Your task: The entries are to be duplicated exactly, with nothing left out.

Exercise data:
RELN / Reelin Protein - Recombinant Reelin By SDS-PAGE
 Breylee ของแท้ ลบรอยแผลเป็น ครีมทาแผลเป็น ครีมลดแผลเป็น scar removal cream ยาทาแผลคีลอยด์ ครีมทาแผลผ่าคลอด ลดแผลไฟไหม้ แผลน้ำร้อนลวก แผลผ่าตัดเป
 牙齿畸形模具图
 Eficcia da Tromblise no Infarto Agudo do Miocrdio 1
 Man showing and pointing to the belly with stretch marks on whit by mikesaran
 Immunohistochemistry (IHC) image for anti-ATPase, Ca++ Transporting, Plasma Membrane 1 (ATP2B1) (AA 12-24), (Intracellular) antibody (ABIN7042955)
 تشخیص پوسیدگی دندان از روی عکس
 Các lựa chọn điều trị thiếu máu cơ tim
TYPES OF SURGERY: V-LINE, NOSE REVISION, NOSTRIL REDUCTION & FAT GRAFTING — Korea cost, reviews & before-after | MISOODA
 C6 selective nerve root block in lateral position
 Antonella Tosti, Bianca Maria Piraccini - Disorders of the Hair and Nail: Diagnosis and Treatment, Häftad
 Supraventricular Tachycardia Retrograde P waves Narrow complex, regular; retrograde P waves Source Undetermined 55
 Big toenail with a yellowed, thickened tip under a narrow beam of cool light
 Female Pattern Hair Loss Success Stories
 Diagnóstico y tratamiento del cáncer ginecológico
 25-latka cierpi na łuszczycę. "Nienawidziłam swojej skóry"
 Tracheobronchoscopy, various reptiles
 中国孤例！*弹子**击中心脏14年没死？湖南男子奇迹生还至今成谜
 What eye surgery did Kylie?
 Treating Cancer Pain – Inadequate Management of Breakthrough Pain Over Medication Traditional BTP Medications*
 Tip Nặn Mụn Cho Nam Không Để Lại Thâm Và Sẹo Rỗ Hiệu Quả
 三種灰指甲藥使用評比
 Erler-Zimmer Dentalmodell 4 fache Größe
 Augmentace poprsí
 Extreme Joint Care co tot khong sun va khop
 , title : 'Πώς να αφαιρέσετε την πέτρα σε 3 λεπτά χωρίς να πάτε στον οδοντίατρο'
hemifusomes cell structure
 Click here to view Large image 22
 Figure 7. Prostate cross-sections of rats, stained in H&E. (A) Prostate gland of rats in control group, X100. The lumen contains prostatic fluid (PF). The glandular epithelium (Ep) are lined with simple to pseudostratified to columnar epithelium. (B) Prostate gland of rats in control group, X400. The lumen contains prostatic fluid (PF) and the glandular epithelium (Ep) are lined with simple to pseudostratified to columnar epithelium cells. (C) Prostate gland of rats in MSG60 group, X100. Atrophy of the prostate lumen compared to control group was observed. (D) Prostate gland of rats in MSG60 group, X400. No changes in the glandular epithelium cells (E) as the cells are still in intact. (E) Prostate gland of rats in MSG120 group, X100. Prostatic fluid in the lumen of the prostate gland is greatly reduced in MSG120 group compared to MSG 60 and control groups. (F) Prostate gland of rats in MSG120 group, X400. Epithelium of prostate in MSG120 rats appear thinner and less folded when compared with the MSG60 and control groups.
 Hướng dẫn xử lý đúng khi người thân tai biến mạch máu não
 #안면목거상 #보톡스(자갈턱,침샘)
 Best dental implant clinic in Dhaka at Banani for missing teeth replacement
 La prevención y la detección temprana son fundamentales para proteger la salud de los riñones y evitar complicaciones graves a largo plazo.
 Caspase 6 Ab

Exercise output:
RELN / Reelin Protein - Recombinant Reelin By SDS-PAGE
 Breylee ของแท้ ลบรอยแผลเป็น ครีมทาแผลเป็น ครีมลดแผลเป็น scar removal cream ยาทาแผลคีลอยด์ ครีมทาแผลผ่าคลอด ลดแผลไฟไหม้ แผลน้ำร้อนลวก แผลผ่าตัดเป
 牙齿畸形模具图
 Eficcia da Tromblise no Infarto Agudo do Miocrdio 1
 Man showing and pointing to the belly with stretch marks on whit by mikesaran
 Immunohistochemistry (IHC) image for anti-ATPase, Ca++ Transporting, Plasma Membrane 1 (ATP2B1) (AA 12-24), (Intracellular) antibody (ABIN7042955)
 تشخیص پوسیدگی دندان از روی عکس
 Các lựa chọn điều trị thiếu máu cơ tim
TYPES OF SURGERY: V-LINE, NOSE REVISION, NOSTRIL REDUCTION & FAT GRAFTING — Korea cost, reviews & before-after | MISOODA
 C6 selective nerve root block in lateral position
 Antonella Tosti, Bianca Maria Piraccini - Disorders of the Hair and Nail: Diagnosis and Treatment, Häftad
 Supraventricular Tachycardia Retrograde P waves Narrow complex, regular; retrograde P waves Source Undetermined 55
 Big toenail with a yellowed, thickened tip under a narrow beam of cool light
 Female Pattern Hair Loss Success Stories
 Diagnóstico y tratamiento del cáncer ginecológico
 25-latka cierpi na łuszczycę. "Nienawidziłam swojej skóry"
 Tracheobronchoscopy, various reptiles
 中国孤例！*弹子**击中心脏14年没死？湖南男子奇迹生还至今成谜
 What eye surgery did Kylie?
 Treating Cancer Pain – Inadequate Management of Breakthrough Pain Over Medication Traditional BTP Medications*
 Tip Nặn Mụn Cho Nam Không Để Lại Thâm Và Sẹo Rỗ Hiệu Quả
 三種灰指甲藥使用評比
 Erler-Zimmer Dentalmodell 4 fache Größe
 Augmentace poprsí
 Extreme Joint Care co tot khong sun va khop
 , title : 'Πώς να αφαιρέσετε την πέτρα σε 3 λεπτά χωρίς να πάτε στον οδοντίατρο'
hemifusomes cell structure
 Click here to view Large image 22
 Figure 7. Prostate cross-sections of rats, stained in H&E. (A) Prostate gland of rats in control group, X100. The lumen contains prostatic fluid (PF). The glandular epithelium (Ep) are lined with simple to pseudostratified to columnar epithelium. (B) Prostate gland of rats in control group, X400. The lumen contains prostatic fluid (PF) and the glandular epithelium (Ep) are lined with simple to pseudostratified to columnar epithelium cells. (C) Prostate gland of rats in MSG60 group, X100. Atrophy of the prostate lumen compared to control group was observed. (D) Prostate gland of rats in MSG60 group, X400. No changes in the glandular epithelium cells (E) as the cells are still in intact. (E) Prostate gland of rats in MSG120 group, X100. Prostatic fluid in the lumen of the prostate gland is greatly reduced in MSG120 group compared to MSG 60 and control groups. (F) Prostate gland of rats in MSG120 group, X400. Epithelium of prostate in MSG120 rats appear thinner and less folded when compared with the MSG60 and control groups.
 Hướng dẫn xử lý đúng khi người thân tai biến mạch máu não
 #안면목거상 #보톡스(자갈턱,침샘)
 Best dental implant clinic in Dhaka at Banani for missing teeth replacement
 La prevención y la detección temprana son fundamentales para proteger la salud de los riñones y evitar complicaciones graves a largo plazo.
 Caspase 6 Ab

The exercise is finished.